To normalize the results obtained with blood samples, a quantitative bisulfite-specific PCR assay (qBSP) was developed in parallel with the qMSP assay to quantify the total level of amplifiable bisulfite-treated gDNA in each sample. Primers P16 and P17 (Table 1, Fig. 2A) were designed to overlap the template sequences for the P12/P13 primer set but are not dependent on the methylation status of the CpG sites (BSP). The qBSP standard curve consisting of three-fold serial dilutions of methylated plasmid (106 copies to 17 copies) exhibits linearity (efficiency = 91.47%±5.6 SD, slope = −3.55±0.15 SD, R2 =  0.99±0.01 SD; n = 4 experiments) over the entire dose range (Table 3).

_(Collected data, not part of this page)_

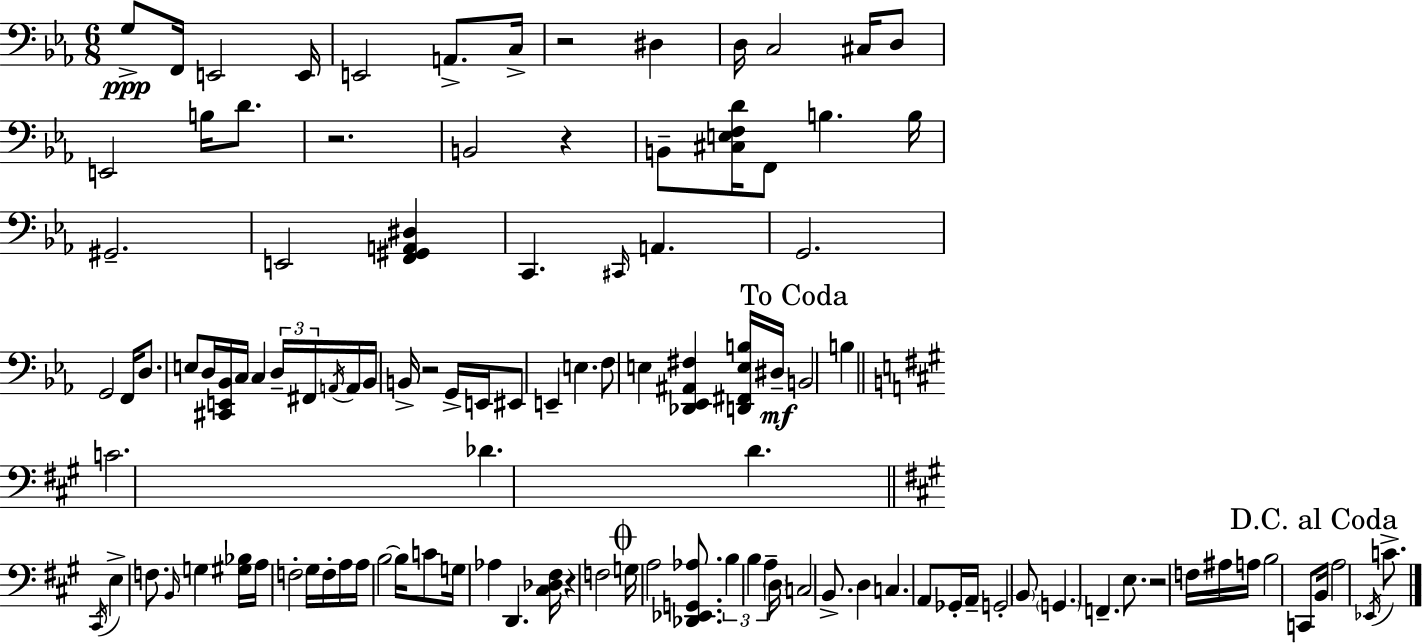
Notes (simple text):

G3/e F2/s E2/h E2/s E2/h A2/e. C3/s R/h D#3/q D3/s C3/h C#3/s D3/e E2/h B3/s D4/e. R/h. B2/h R/q B2/e [C#3,E3,F3,D4]/s F2/e B3/q. B3/s G#2/h. E2/h [F2,G#2,A2,D#3]/q C2/q. C#2/s A2/q. G2/h. G2/h F2/s D3/e. E3/e D3/s [C#2,E2,Bb2]/s C3/s C3/q D3/s F#2/s A2/s A2/s Bb2/s B2/s R/h G2/s E2/s EIS2/e E2/q E3/q. F3/e E3/q [Db2,Eb2,A#2,F#3]/q [D2,F#2,E3,B3]/s D#3/s B2/h B3/q C4/h. Db4/q. D4/q. C#2/s E3/q F3/e. B2/s G3/q [G#3,Bb3]/s A3/s F3/h G#3/s F3/s A3/s A3/s B3/h B3/s C4/e G3/s Ab3/q D2/q. [C#3,Db3,F#3]/s R/q F3/h G3/s A3/h [Db2,Eb2,G2,Ab3]/e. B3/q B3/q A3/q D3/s C3/h B2/e. D3/q C3/q. A2/e Gb2/s A2/s G2/h B2/e G2/q. F2/q. E3/e. R/h F3/s A#3/s A3/s B3/h C2/e B2/s A3/h Eb2/s C4/e. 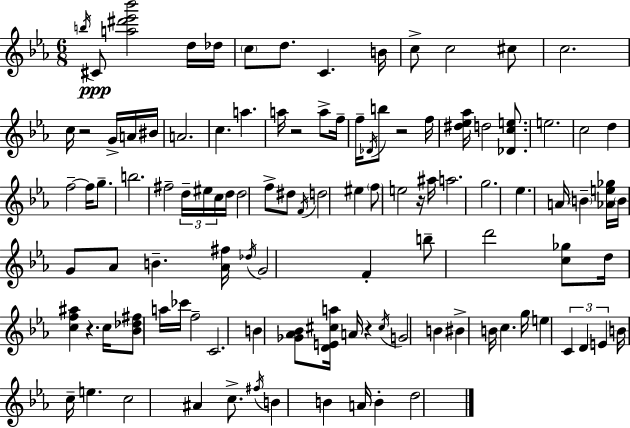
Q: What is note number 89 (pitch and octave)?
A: B4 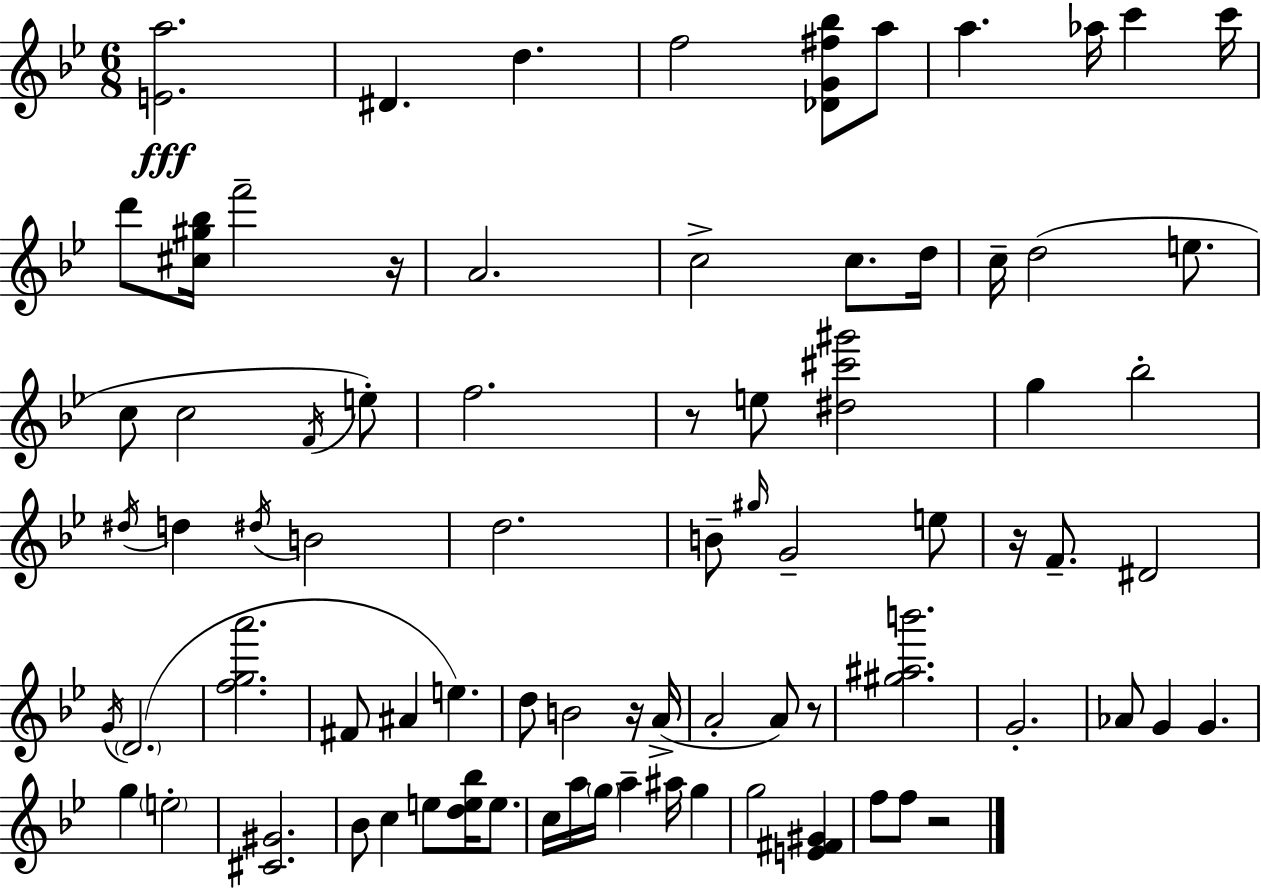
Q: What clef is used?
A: treble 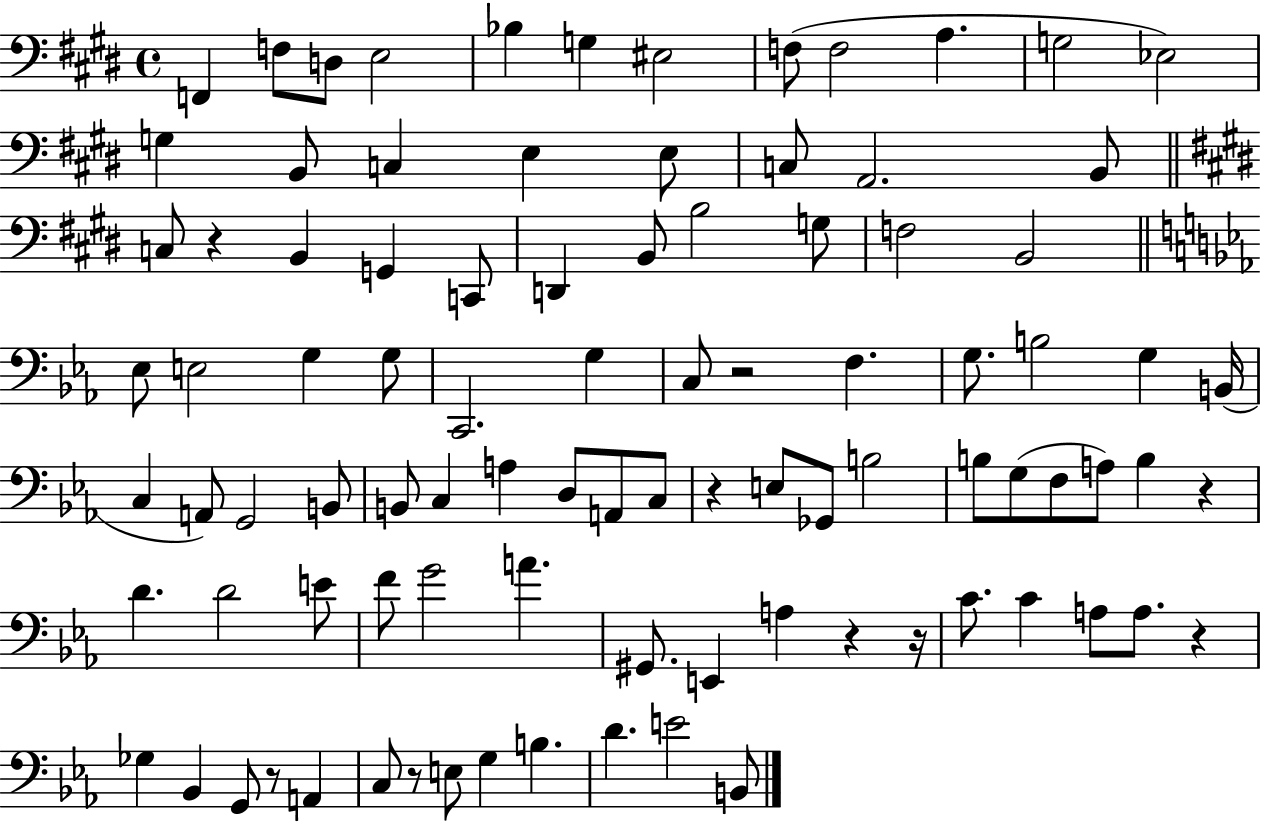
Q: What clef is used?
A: bass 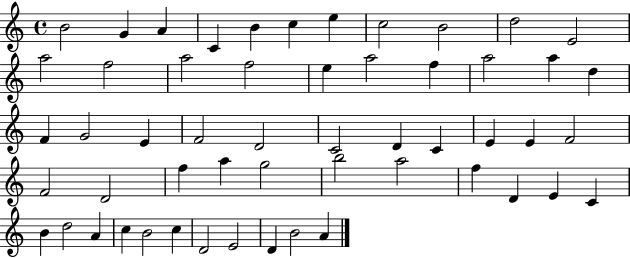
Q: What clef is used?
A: treble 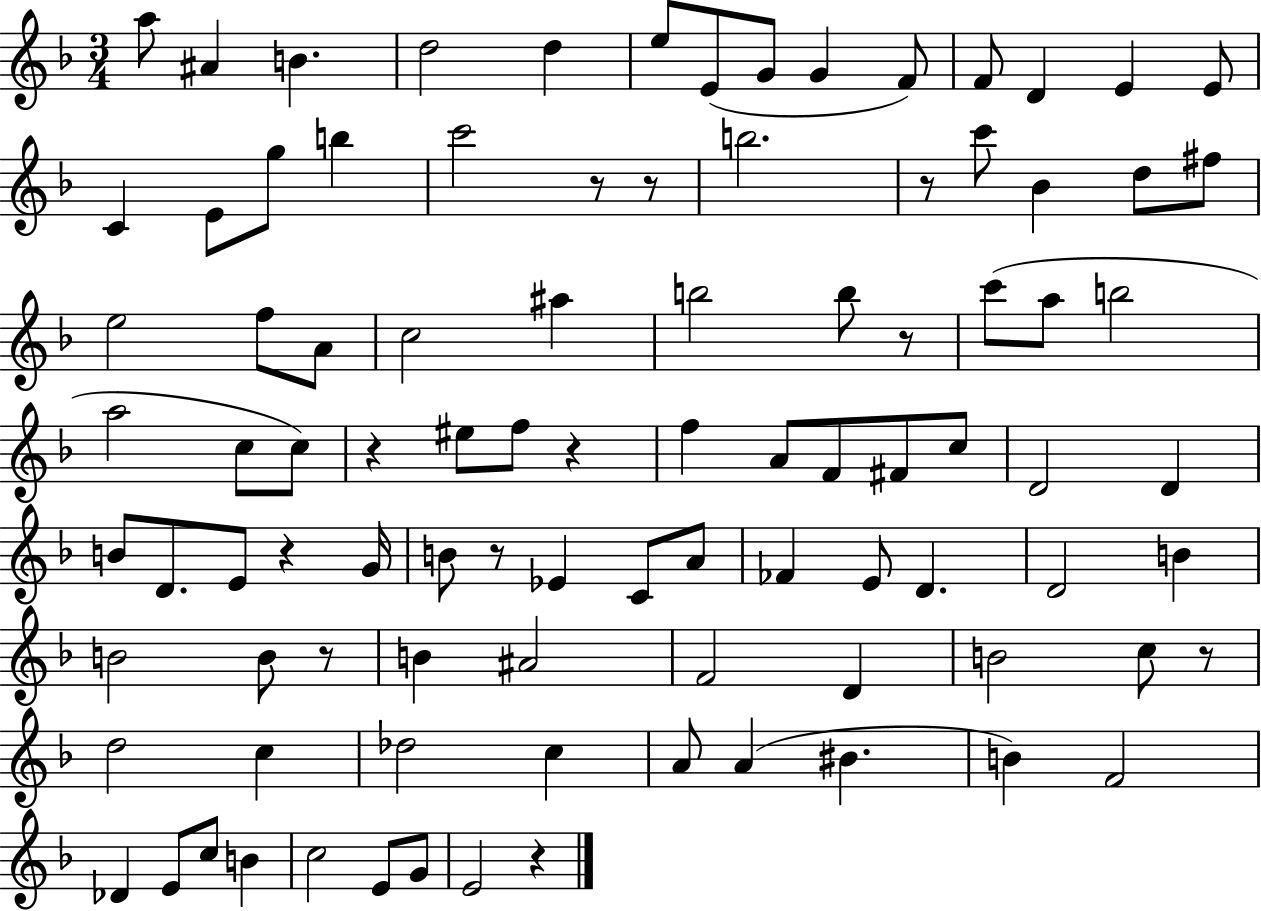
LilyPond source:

{
  \clef treble
  \numericTimeSignature
  \time 3/4
  \key f \major
  a''8 ais'4 b'4. | d''2 d''4 | e''8 e'8( g'8 g'4 f'8) | f'8 d'4 e'4 e'8 | \break c'4 e'8 g''8 b''4 | c'''2 r8 r8 | b''2. | r8 c'''8 bes'4 d''8 fis''8 | \break e''2 f''8 a'8 | c''2 ais''4 | b''2 b''8 r8 | c'''8( a''8 b''2 | \break a''2 c''8 c''8) | r4 eis''8 f''8 r4 | f''4 a'8 f'8 fis'8 c''8 | d'2 d'4 | \break b'8 d'8. e'8 r4 g'16 | b'8 r8 ees'4 c'8 a'8 | fes'4 e'8 d'4. | d'2 b'4 | \break b'2 b'8 r8 | b'4 ais'2 | f'2 d'4 | b'2 c''8 r8 | \break d''2 c''4 | des''2 c''4 | a'8 a'4( bis'4. | b'4) f'2 | \break des'4 e'8 c''8 b'4 | c''2 e'8 g'8 | e'2 r4 | \bar "|."
} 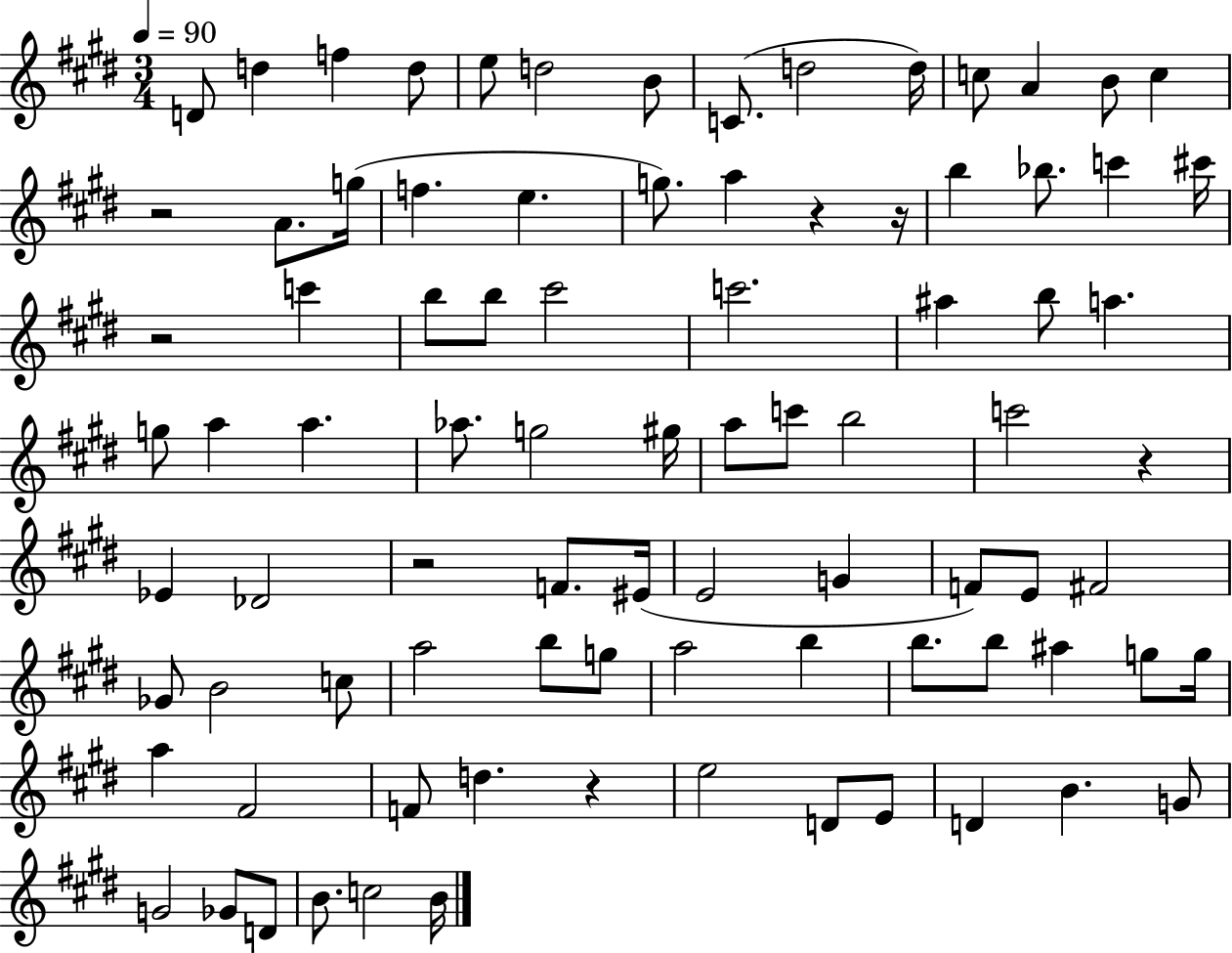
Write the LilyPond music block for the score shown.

{
  \clef treble
  \numericTimeSignature
  \time 3/4
  \key e \major
  \tempo 4 = 90
  \repeat volta 2 { d'8 d''4 f''4 d''8 | e''8 d''2 b'8 | c'8.( d''2 d''16) | c''8 a'4 b'8 c''4 | \break r2 a'8. g''16( | f''4. e''4. | g''8.) a''4 r4 r16 | b''4 bes''8. c'''4 cis'''16 | \break r2 c'''4 | b''8 b''8 cis'''2 | c'''2. | ais''4 b''8 a''4. | \break g''8 a''4 a''4. | aes''8. g''2 gis''16 | a''8 c'''8 b''2 | c'''2 r4 | \break ees'4 des'2 | r2 f'8. eis'16( | e'2 g'4 | f'8) e'8 fis'2 | \break ges'8 b'2 c''8 | a''2 b''8 g''8 | a''2 b''4 | b''8. b''8 ais''4 g''8 g''16 | \break a''4 fis'2 | f'8 d''4. r4 | e''2 d'8 e'8 | d'4 b'4. g'8 | \break g'2 ges'8 d'8 | b'8. c''2 b'16 | } \bar "|."
} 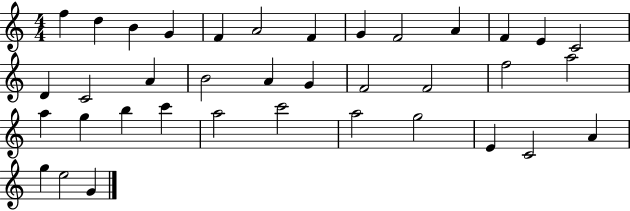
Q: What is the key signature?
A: C major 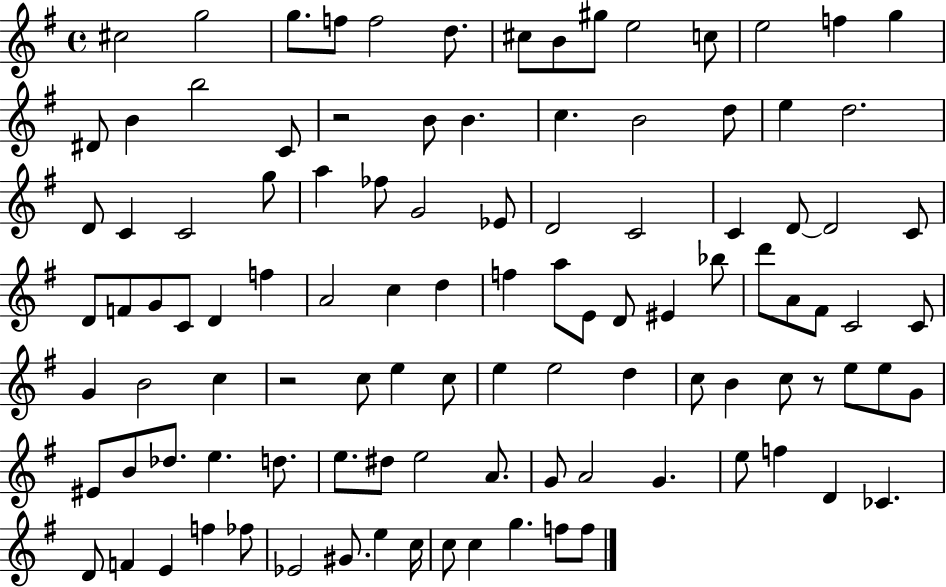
{
  \clef treble
  \time 4/4
  \defaultTimeSignature
  \key g \major
  cis''2 g''2 | g''8. f''8 f''2 d''8. | cis''8 b'8 gis''8 e''2 c''8 | e''2 f''4 g''4 | \break dis'8 b'4 b''2 c'8 | r2 b'8 b'4. | c''4. b'2 d''8 | e''4 d''2. | \break d'8 c'4 c'2 g''8 | a''4 fes''8 g'2 ees'8 | d'2 c'2 | c'4 d'8~~ d'2 c'8 | \break d'8 f'8 g'8 c'8 d'4 f''4 | a'2 c''4 d''4 | f''4 a''8 e'8 d'8 eis'4 bes''8 | d'''8 a'8 fis'8 c'2 c'8 | \break g'4 b'2 c''4 | r2 c''8 e''4 c''8 | e''4 e''2 d''4 | c''8 b'4 c''8 r8 e''8 e''8 g'8 | \break eis'8 b'8 des''8. e''4. d''8. | e''8. dis''8 e''2 a'8. | g'8 a'2 g'4. | e''8 f''4 d'4 ces'4. | \break d'8 f'4 e'4 f''4 fes''8 | ees'2 gis'8. e''4 c''16 | c''8 c''4 g''4. f''8 f''8 | \bar "|."
} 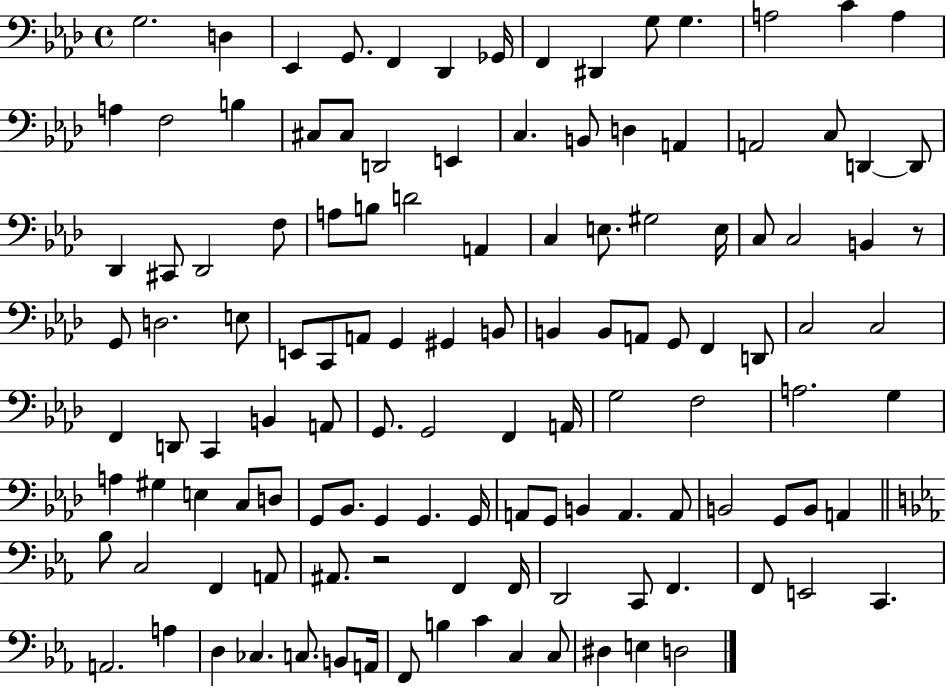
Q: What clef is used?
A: bass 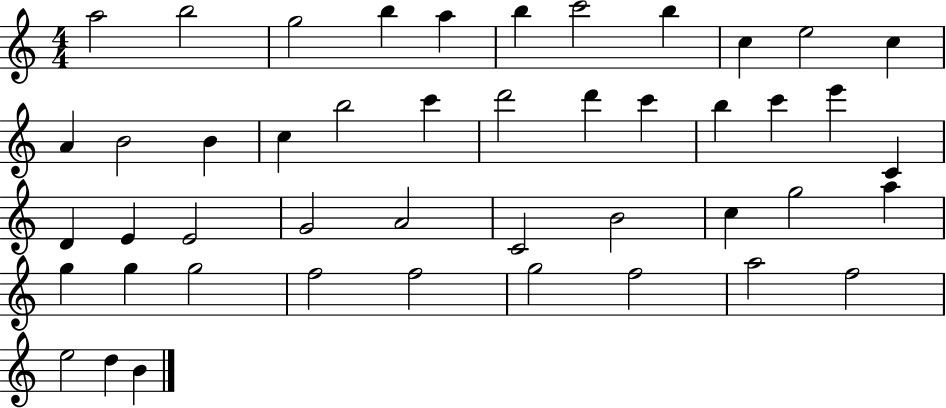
X:1
T:Untitled
M:4/4
L:1/4
K:C
a2 b2 g2 b a b c'2 b c e2 c A B2 B c b2 c' d'2 d' c' b c' e' C D E E2 G2 A2 C2 B2 c g2 a g g g2 f2 f2 g2 f2 a2 f2 e2 d B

Detection of circulating beta cell-specific DNA by qMSP in mouse blood

To evaluate the ability of the assay to detect beta cell destruction in vivo, NOD/scid mice were treated with the beta cell-specific toxin streptozotocin (STZ) for three consecutive days starting at day 0 and blood samples were collected at days 1, 2, 5, 6, 7, 14, and 35 post-treatment. STZ-treatment resulted in a significant decrease in islet area (Fig. S3) and a notable increase in blood glucose levels after 5 days post-treatment which reached significance at day 6 (Fig. 5A).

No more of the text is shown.